Stock markets blocking the PIPE
The number of investments by private equity funds in publicly traded shares has fallen significantly in the past two years as the stock market has detached from measures of GDP, according to figures from unquote” data.
Analysis of private investments in public equities – otherwise known as PIPEs – shows the practice boomed during the height of the recession in 2009, but has eased off following unusual trends in global stock exchanges. As the graph above shows, the number of share investments by private equity funds reached 35 in 2009, a time of extremely difficult deal-doing.
However, the trend is clearly linked to stock market performance, with the FTSE All Share reaching a trough at just 1,789 in March of that year. The same was seen elsewhere, with the CAC 40 falling to 2,534, while the NASDAQ plunged to 1,064.
There were a number of factors driving this development. Firstly, a lack of leverage was making it difficult to acquire whole companies through buyouts. With large amounts of capital to deploy from funds raised immediately prior to the crash, it made sense for many to start putting their cash to work on stock markets as primary exclusive deals proved elusive.
Secondly, with stock markets sharply down and many stocks potentially undervalued, private equity funds were able to pick up significant stakes in listed firms at huge discounts. Fund managers will have been hoping to make a decent return from the cash put to work, as well as potentially gaining a foothold for future take-private deals.
As the stock market recovered following 2009, PIPE deals have tailed off, but the economy remains depressed, and as such there have been few significant take-privates as firms continue to struggle to raise the sort of financing needed to take major listed companies off the market.

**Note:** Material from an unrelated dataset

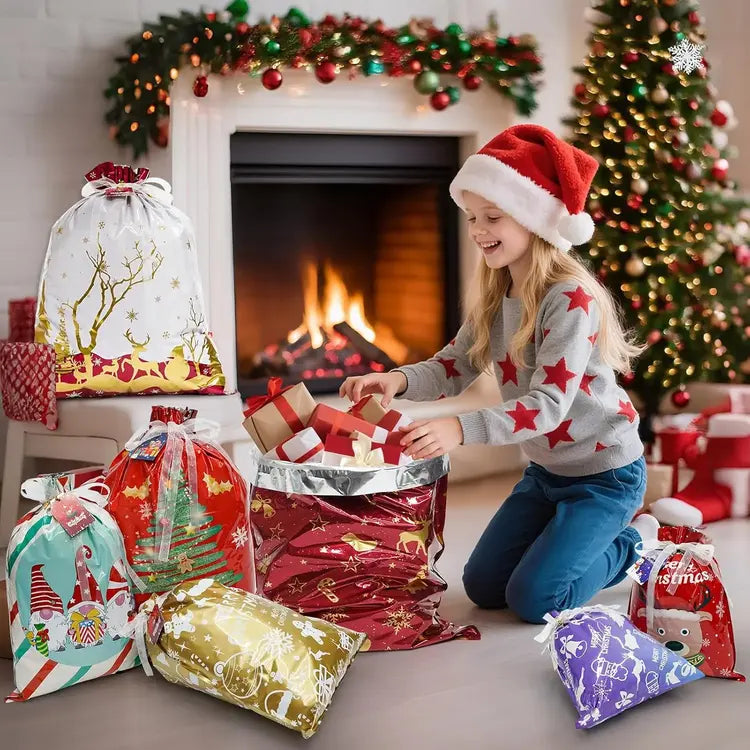 Deluxe Christmas Gift Bag Set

It would seem the stock market has decoupled from the real economy. Today the FTSE All Share is at 3,010, the CAC 40 has reached 3,489 and the NASDAQ stands at 2,788. Those major listed corporates that hoarded cash during the initial recession and have survived are now paying this capital out to their shareholders as dividends. This is driving up the value of shares even while the world slips back into recession.
This does not bode well for private equity. While normally a recession might provide opportunities to pick up undervalued listed firms at bargain prices, the growing disparity in listed stock performance and real economy means this route can no longer be relied upon in an environment where good deals are becoming increasingly hard to come by.